Artificial intelligence and machine learning has been hailed as the saviour of broadcasting, but is the technology being applied in the right way, asks John Maxwell Hobbs.
Oxford Dictionaries perplexed a lot of people when it announced “youthquake” as the word of 2018.
For a lot of people, particularly in media, the smart money would have been on “artificial intelligence.” But they would be wrong – “machine learning” tops them all with 5.7 million references on Google, vs. 3.6 million for “artificial intelligence,” and a mere 2 million for “youthquake.”
Artificial intelligence is shaping up to be the saviour for broadcasting, replacing 3D, VR, 4K, and HDR. If the marketers are to be believed, AI will operate cameras, log rushes, edit programmes, schedule channels, replace performers, and even watch programmes for people who are too busy to watch themselves. But to what end?
This focus on AI in the popular imagination is understandable, with the several companies developing self-driving cars and high-profile figures from Elon Musk to Stephen Hawking warning of the dangers of AI.
I can’t help but feel, however, that the current handwringing about the impending robot apocalypse is driven more by technological hubris with a pinch of marketing:
‘Oh no! Because we are so amazingly talented, we have created computers that are so unbelievably powerful, even we are afraid of them!’
In fact, the general public’s experience with AI is probably best illustrated by the Burnistoun sketch about a voice recognition lift in Scotland in which the lift struggles to understand the Scotch accent, prompting attempts to mimic US and English accents increasingly frustrated .
The truth is much closer to VR pioneer Jaron Lanier’s prediction: “Just as some newborn race of superintelligent robots are about to consume all humanity, our dear old species will likely be saved by a Windows crash. The poor robots will linger pathetically, begging us to reboot them, even though they’ll know it would do no good.”
On a more prosaic level, the concept of an artificial intelligence that can perform human tasks appeals on a practical level – who wouldn’t like to have Rosie, the Jetson’s maid, to do the cooking, housecleaning, and all the other mundane tasks we’d like to avoid? Instead, we have to deal with the reality of what happens when you have both a robot vacuum cleaner and a dog.
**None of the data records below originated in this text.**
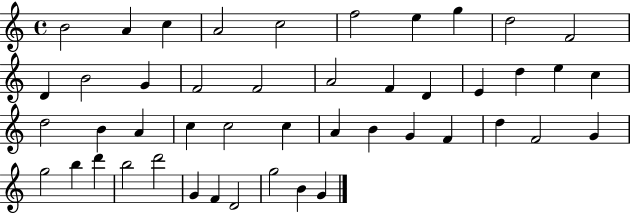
B4/h A4/q C5/q A4/h C5/h F5/h E5/q G5/q D5/h F4/h D4/q B4/h G4/q F4/h F4/h A4/h F4/q D4/q E4/q D5/q E5/q C5/q D5/h B4/q A4/q C5/q C5/h C5/q A4/q B4/q G4/q F4/q D5/q F4/h G4/q G5/h B5/q D6/q B5/h D6/h G4/q F4/q D4/h G5/h B4/q G4/q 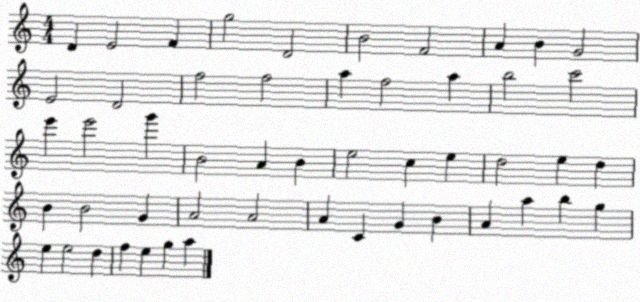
X:1
T:Untitled
M:4/4
L:1/4
K:C
D E2 F g2 D2 B2 F2 A B G2 E2 D2 f2 f2 a f2 a b2 c'2 e' e'2 g' B2 A B e2 c e d2 e d B B2 G A2 A2 A C G B A a b g e e2 d f e g a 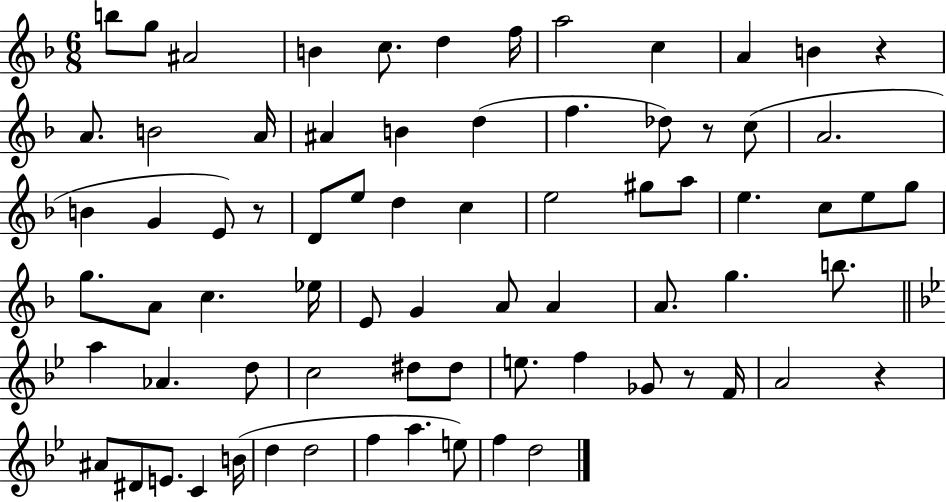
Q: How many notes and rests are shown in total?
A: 74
As mentioned above, the term, “machine learning” is on the rise. That’s for a good reason. Artificial intelligence tends to be a term used more for its evocative quality, fitting in well with human beings’ tendency to anthropomorphise things, rather than being grounded in reality.
It’s fun to imagine conversational robots, humanoid robots with Austrian accents, and sarcastic androids with brains the size of planets.
”More effort should be focussed on the unsexy things that people are not good at – repetitive tasks like entering metadata, logging time, dates, and locations of rushes.”
“Machine learning,” on the other hand, sounds very dry and if it were a person would tend to be more of a swot than a leather-clad biker. In other words, not a lot of fun.
The aim of machine learning is to make it possible for an application to perform actions based on data-driven predictions
Most applications follow explicit instructions, and are therefore not suited for dealing with unpredictable variables. In the world of broadcasting, unpredictability rules, making traditional automation impractical. The recommendation engines used by companies like Amazon and Netflix use machine learning to make generalised suggestions based on analysis of the big data generated by the activities of their customers.
With shopping sites like Amazon, where the products are fungible, the range of variables are a bit less unpredictable, so the results are fairly good.
VoD services are another story altogether. Taste in music and video is extremely variable and wildly unpredictable. You and I might both love Doctor Who, whereas you might love Gogglebox, a programme that makes me want to throw my telly out of the window. No amount of data crunching will ever be able to predict that.
The right tool for the job
Archimedes famously said, “Give me a lever long enough and a fulcrum on which to place it, and I shall move the world.”
We use tools to extend our capabilities – a hammer is much better at driving a nail than a bare hand. Steve Jobs famously called computers, “a bicycle for our minds.”
We currently see media technology companies spending energy, time, and money attempting to apply AI and ML to solve problems that don’t actually exist.
There’s a huge focus on automating things like creating playlists, composing music, and operating cameras. These efforts are very showy, but totally pointless. These are things that humans are very, very good at.
More effort should be focussed on the unsexy things that people are not good at – repetitive tasks like entering metadata, logging time, dates, and locations of rushes, tracking attribution and copyright. Believe it or not, most businesses still do this by hand.
“Did you hear last night’s, Iggy Confidential ? It would have been so much better if a computer put together the playlist,” said no one ever.
As well as being a music producer and composer, John Maxwell Hobbs is a course leader at the National Film and Television School, media consultant and the former Head of Technology at BBC Scotland.